As mentioned earlier this month, EtsyFAST challenged all its members to create a Fiber ACEO (Art Card Editions and Originals).

I am much happier with my second try at an ACEO. My first attempt came out very muted; the colors blended a bit too well.

Determined to create an ACEO that I would be proud of, I decided to try again. This time I cheated (by adding a ribbon rose … I don’t know that it falls within the “fiber” rules). I think it is better for it though.

The ribbon rose was made by me. (It’s a folded rose, tucked in half to lay a bit flatter than it normally would). The background was knitted in a herringbone pattern with rayon yarn, taken from my leftover stash. The ACEO was then hand tacked to a piece of felt to provide some stability.

I must say I enjoy making these ACEO’s, though this will be my last. They are quick to make thanks to their small size (3.5 inches by 2.5 inches).

Sweater Progress

Well, I decided to stop fighting with my sewing machine over the double bias tape on the sweater afghan. Every night during the Phillies baseball game, I have been handstiching the tape down using a slipstitch. Amazingly, it is going quicker than I had hoped for. My estimate was 1 month. If I keep up my current pace, it will be completed within 2 weeks. Here it is laid out on my couch. It is a perfect afghan size … even if it wasn’t actually designed for it.
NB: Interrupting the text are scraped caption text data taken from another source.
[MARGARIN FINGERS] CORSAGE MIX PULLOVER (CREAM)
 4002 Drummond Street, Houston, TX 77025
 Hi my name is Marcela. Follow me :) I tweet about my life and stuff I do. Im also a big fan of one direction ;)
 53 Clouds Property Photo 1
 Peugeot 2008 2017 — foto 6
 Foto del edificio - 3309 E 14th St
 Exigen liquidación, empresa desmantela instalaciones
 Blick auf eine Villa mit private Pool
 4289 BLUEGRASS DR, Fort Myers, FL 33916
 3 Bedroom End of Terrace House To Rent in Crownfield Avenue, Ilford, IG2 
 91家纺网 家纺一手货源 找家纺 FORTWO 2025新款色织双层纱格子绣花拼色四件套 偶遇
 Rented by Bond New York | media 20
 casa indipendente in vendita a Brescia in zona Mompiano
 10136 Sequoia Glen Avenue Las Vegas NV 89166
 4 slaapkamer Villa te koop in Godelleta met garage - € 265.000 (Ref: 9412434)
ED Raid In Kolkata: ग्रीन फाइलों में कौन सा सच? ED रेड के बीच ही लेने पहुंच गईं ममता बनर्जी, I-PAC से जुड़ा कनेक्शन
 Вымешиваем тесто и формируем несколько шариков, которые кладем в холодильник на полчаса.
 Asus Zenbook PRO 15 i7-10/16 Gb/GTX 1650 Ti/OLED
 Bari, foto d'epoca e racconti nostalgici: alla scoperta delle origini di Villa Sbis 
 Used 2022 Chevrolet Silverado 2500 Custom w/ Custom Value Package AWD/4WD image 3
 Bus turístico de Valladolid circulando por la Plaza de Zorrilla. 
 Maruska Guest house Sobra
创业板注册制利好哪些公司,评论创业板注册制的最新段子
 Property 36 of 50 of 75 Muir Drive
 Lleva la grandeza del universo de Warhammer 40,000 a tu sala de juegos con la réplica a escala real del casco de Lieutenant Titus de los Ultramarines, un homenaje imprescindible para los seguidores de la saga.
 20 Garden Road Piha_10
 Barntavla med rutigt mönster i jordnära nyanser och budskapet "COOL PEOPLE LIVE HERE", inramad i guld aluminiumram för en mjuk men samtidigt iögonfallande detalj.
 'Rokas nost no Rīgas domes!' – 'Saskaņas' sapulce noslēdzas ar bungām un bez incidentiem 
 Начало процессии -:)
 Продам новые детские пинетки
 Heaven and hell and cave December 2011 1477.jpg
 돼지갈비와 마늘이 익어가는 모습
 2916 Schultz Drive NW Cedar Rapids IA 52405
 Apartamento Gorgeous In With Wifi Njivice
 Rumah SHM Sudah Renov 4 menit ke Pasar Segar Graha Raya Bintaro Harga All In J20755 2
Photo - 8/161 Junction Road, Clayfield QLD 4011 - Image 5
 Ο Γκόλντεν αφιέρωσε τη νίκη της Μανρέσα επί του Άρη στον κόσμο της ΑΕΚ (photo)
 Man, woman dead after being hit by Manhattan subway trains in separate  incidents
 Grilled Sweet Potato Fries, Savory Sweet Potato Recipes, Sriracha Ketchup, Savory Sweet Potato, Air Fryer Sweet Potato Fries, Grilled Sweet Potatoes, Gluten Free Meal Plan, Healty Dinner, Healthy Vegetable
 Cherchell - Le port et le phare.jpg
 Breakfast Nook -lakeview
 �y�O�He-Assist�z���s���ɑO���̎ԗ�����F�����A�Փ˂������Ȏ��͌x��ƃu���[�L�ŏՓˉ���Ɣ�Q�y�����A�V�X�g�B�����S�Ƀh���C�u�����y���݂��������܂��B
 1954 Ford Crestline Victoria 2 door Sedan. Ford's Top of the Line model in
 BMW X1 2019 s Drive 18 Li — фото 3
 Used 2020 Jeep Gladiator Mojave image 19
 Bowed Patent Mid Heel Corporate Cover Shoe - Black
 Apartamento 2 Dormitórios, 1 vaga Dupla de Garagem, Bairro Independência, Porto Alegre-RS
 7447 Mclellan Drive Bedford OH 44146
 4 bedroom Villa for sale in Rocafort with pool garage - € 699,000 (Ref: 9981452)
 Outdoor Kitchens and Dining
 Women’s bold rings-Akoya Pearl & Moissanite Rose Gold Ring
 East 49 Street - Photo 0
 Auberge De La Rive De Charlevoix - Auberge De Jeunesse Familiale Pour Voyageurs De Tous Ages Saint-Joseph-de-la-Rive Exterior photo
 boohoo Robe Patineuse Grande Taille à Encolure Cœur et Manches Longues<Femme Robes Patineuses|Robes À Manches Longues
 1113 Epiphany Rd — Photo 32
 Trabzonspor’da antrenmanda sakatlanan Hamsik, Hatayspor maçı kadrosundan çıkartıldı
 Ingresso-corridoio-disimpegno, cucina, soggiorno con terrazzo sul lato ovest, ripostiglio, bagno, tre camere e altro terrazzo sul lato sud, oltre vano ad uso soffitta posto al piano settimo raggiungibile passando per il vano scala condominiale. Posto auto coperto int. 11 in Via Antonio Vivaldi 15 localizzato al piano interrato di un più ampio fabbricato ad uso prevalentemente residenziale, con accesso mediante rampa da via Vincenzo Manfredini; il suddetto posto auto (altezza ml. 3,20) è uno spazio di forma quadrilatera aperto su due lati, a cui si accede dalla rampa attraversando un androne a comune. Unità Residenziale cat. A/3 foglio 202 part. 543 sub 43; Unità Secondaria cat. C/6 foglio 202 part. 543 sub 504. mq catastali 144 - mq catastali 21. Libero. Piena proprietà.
The striped sweater I have been working on took 2 steps backward yesterday. The stitches I picked up for the collar and swore I would not rip out … have been ripped out. Well, I learned something here. Never measure a v-neck collar on the diagonal and use this measurement to figure out how many stitches to pick up. Who knew? With this problem realized and easily solved, I am almost ready to reattempt picking up the stitches for the collar. However, I still need to figure out how many stitches should be picked up on the length from the top of the v-neck to the shoulder. It measures 5 inches. I had assumed that I would need to pick up 7 stitches per inch (as that is my gauge), but the most I could locate during my last attempt was 6 stitches per inch. Yet, if my calculations are correct, I’ll be missing 10 stitches. I could just roll with the puches. The very next row has me decreasing 1/3 of the stitches anyway. Then, I’ll only be out 3 stitches. Right? 3 stitches won’t make or break the collar (at least I hope not).

So, here is my sweater again. To make up for the lack of the collar, I snuck Jake into the picture. He always makes my knitted garments look better!

Angled Nesting Squares Block, 5th in Ode to Quilting series

The 5th block in the Ode to Quilting afghan:

This block is very similar to the “Nesting Squares Block”. The only difference is that I made fewer squares (only 2) and turned the squares at a 90 degree angle. To make the block a 12″ square again, I knit 4 right-sided triangles.

Pattern for Angled Nesting Squares Block:

Recommended Knitting skill level: Easy

Yarn: Lion’s Wool by Lion Brand or substitute any wool yarn from your stash that meets the below gauge specifications.
1. Color A = Rose
2. Color B = Autumn Sunset, divided into 2 balls
3. Color C = Sage

Needles: Lion’s Wool recommends size 8 (I used size 5)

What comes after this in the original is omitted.